The blonde moved out of the sun and Nina noticed that she wasn’t as young as she’d first appeared. Tiny lines fanned out from her eyes. But she still had the figure of a teenager, and long, shapely legs that made Nina feel the rush of inadequacy that seemed to be her default setting here in LA.
“He probably went for a run on the beach with Sandy.” The woman’s mouth pursed in disapproval. “I’m going to pack away his laundry.” Casting another assessing glance over Nina, the other woman headed back indoors.
Nina followed, equally curious.
Either Dom had an unusually sexy housekeeper, or he inspired serious devotion in his girlfriends. In which case it was no wonder he seemed so disinterested in her. She was less than useless at doing laundry.
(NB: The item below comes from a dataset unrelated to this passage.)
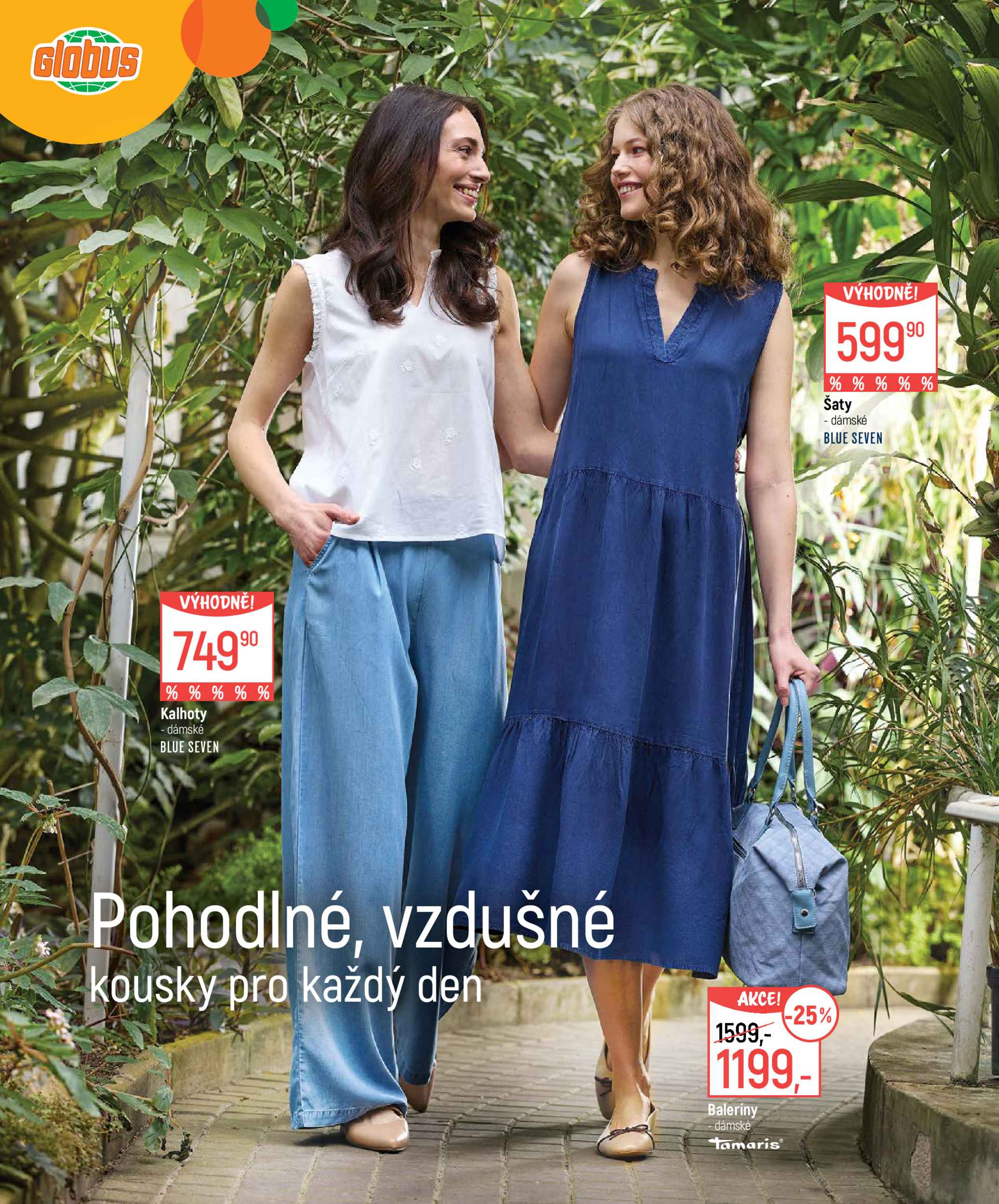 globus - Globus - Léto leták platný od středy 08.04.2026 do pondělí 04.05.2026 - page: 2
And who was Sandy – another girlfriend?
For the nearly four weeks they’d worked together in Westerwald, Nina had been cursed with the hotel suite across the hall from Dominic’s. She’d witnessed the procession of visitors he’d had. Hotel staff, women from the film crew, girls he picked up in nightclubs, dressed in skirts so short they could have caught hypothermia in the winter weather. Even her own make-up stylist had once slipped out of his hotel room at some ungodly hour, lipstick smudged and straightening her clothes.
Nina had been amazed they all seemed happy to move on with a smile, and never had a bad word for him afterwards.
She couldn’t fathom why. She’d suffered from the most irrational envy since the day they met. Most likely because she saw so little of his attention.
Last night he’d said he desired her. So why did he chase every other woman yet ignore her? What was it about her that Dom found so easy to resist, even when she’d been single and available? Was it because she wasn’t as anorexically thin as everyone else in LA?
There were shopping bags of fresh groceries in the kitchen. How the blonde was going to find place in Dom’s already well-stocked kitchen to pack them away, Nina had no idea.
She found the other woman folding freshly ironed sheets into the linen cupboard in the passage. The woman turned and smiled. “Those fit you well,” she commented, eyeing Nina’s borrowed clothes.